Friday, December 21, 2007

I've developed a close relationship with a guy over the past two years. I helped him through a divorce (his second) and have been helping him come to terms with his membership in the church and his beliefs. We have become very close friends and I have told him on occasion that I loved him and am grateful for his friendship. Yesterday, I went to his house to hang out for an hour or so on my lunch break, which at times can turn into three or four hours and lots of shopping, driving, hiking, etc. But lately, we have been seeing each other less often. He is not gay, extremely good looking and knows that I am gay.

Yesterday, before lunch, we sat on his couch. He was on his cell phone, sitting forward on the edge of the couch. I was leaning back, reclined, giving me the advantage of looking at him from behind. I had an incredible feeling of wanting to lean up against him, lay my head on his back, or at least put my hand on his back, but I knew I couldn't. He would react negatively. Instead, I just moved my hand closer to his leg on the couch, wanting to touch him, but I didn't. I just moved it as close as I could get without touching. We sat there for a few minutes while he talked on the phone. What would be so wrong about rubbing his back or putting my hand on his back? Why would he take offense? If I tried to touch him, would I then lose his trust?

Before I told him that I was gay, he had no problem undressing - dressing in front of me. One time he asked me to put lotion on his back. We were at a park and I was so uncomfortable doing this in public that it eradicated any pleasure I might have had in feeling his bare skin. On another occasion, he was trying on some of my shirts to borrow one. He wasn't wearing any undershirt and it was incredible to be next to him, so close. This was soon after I told him that I was gay. He noticed something was wrong and asked me what it was. I told him the truth - that I wanted so much to touch his chest. He handled it very well, but he has never taken off his shirt in front of me again. If I were straight, we would hug more often like we used to, we would have more contact and we wouldn't worry about it like we do now. In this respect, I hate that I ever told him I was gay - not because I want to take advantage of him in a sexual type of way, only because I want to be close to him, like we used to be. I thought coming out to him would make us closer, and I guess in some ways it has, but in reality, I feel further away from him.

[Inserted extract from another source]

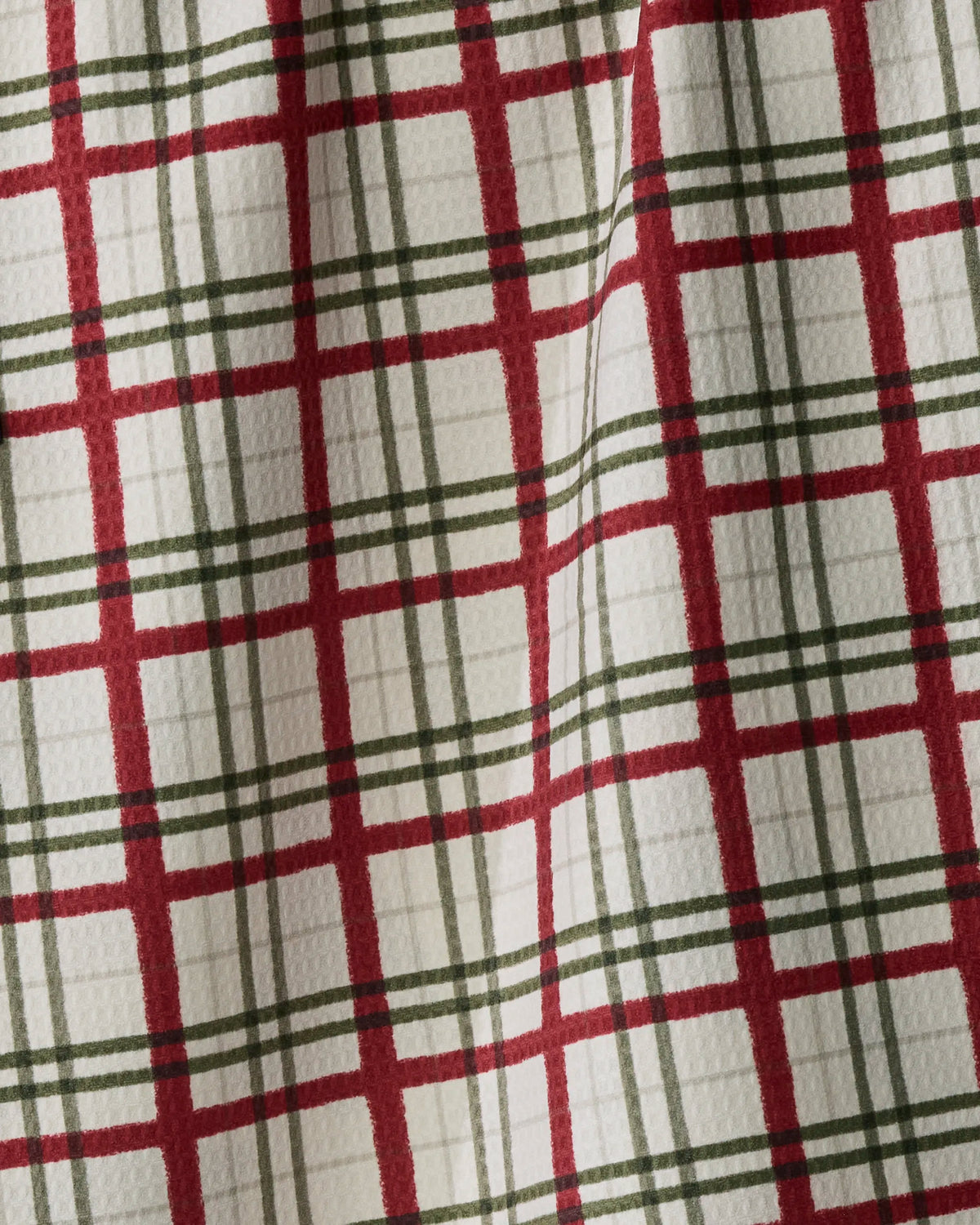 A close-up of the Ribbon Pines tea towel by Geometry showcases its red and green plaid pattern on a white background. The textured fabric and gently wavy lines highlight the folds in this double-sided towel, which is made from recycled materials.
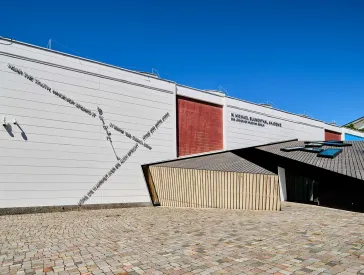 Blick von der Seite auf den h&ouml;lzernen Haupteingang des Akademiegeb&auml;udes.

Yesterday, when he finished his phone conversation, he stood up and turned to look at me. He immediately looked down at my hand and for an instant realized how close it had been to him. He didn't say anything, but I could see in his eyes his disapproval. At lunch he asked why we hadn't been seeing each other as much as we used to. I told him that because he was now through the divorce and remarried that he hadn't needed me as much. He stated that he didn't want us to have to need each other in order to be friends. I just sat there silent, not telling him how much I depended on that need as an integral part of our friendship. I couldn't tell him that. The risk of seeing that disapproval in his eyes again would hurt too much.

Tuesday, December 18, 2007

Is it really possible? Is it possible to control same-gender attraction within a mixed-orientation marriage? I've already made a lot of the hard decisions. I've been able to marry an incredible woman, have children and have an incredible family life. I've been attracted to my wife and able to perform sexually. But, with all this, I'm still attracted to men. I've been through bouts of moderate porn addiction. I've been through occasions where I nearly hooked-up with another guy. I've chatted on-line with other gay men. I've met other gay men with whom I was attracted and would have liked to pursue a friendship and possibly more. But, I never seem to follow through on any of these. I've been able to put the internet porn and chat rooms at bay. I no longer chat with gay men, but I do look at the occasional porn - maybe once a month - and even then it's not really graphic porn. Is it okay to view a little porn once a month in order to keep any more serious transgression at bay? So far, it has worked for the most part, but not without damage to my spirit.

I want to be completely clean, all of the time. I don't know if I will ever be free of same gender attraction, but it seems that I can keep it "under control" to a certain degree. Will it always be a struggle not to look at any porn and/or masturbate? And if so, do I consider this a small trade-off for being able to have a wife and family? Does this mean I will never be clean in this life, no matter how many times I repent, because I know eventually that I will make a mistake? Are there others, in my same situation, who are having better success? I think that overall, I can live a happy and fulfilled life in a mixed-orientation marriage, stay active in the church, true to my beliefs, attend the temple and serve in callings. But can I raise the bar? Should I try harder with the potential of greater success but also a greater possibility of failure? Or do I just continue on my current, relatively successful course, accepting my weaknesses, and perhaps knowing that this is the best I can do?